Data for this exercise Block Start
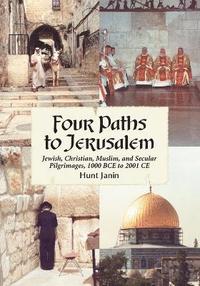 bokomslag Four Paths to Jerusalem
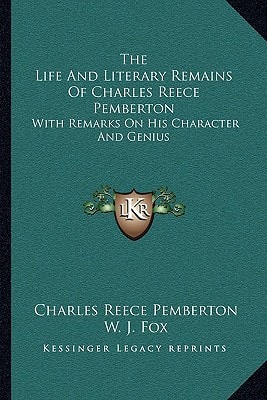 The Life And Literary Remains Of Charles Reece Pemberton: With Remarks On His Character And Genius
Data for this exercise Block End
Data for this exercise Block Start
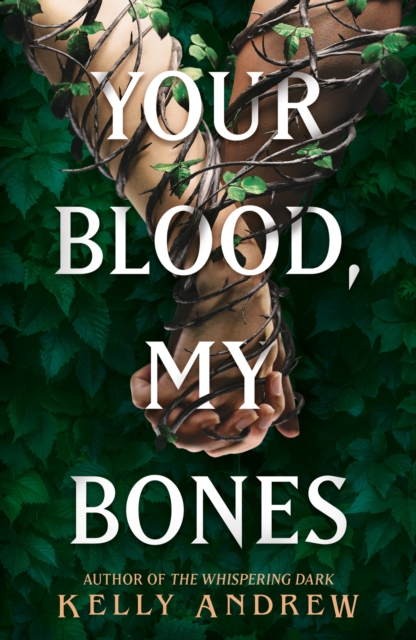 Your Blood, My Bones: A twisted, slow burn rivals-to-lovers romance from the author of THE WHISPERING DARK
Data for this exercise Block End
Data for this exercise Block Start
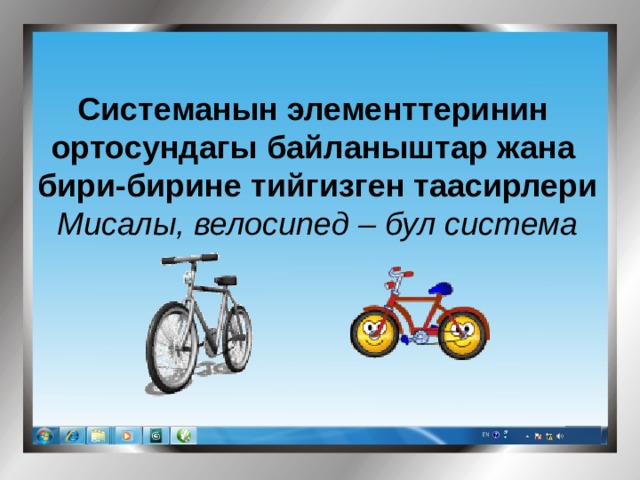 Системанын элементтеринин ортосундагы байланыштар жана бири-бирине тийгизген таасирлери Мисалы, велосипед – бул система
Data for this exercise Block End
— What is being asked —
If a picture sits between the line containing "bokomslag Four Paths to Jerusalem" and the line containing "The Life And", leave it out, and return the lines of that range above exactly, both ends included.

— Solved exercise —
 bokomslag Four Paths to Jerusalem
 The Life And Literary Remains Of Charles Reece Pemberton: With Remarks On His Character And Genius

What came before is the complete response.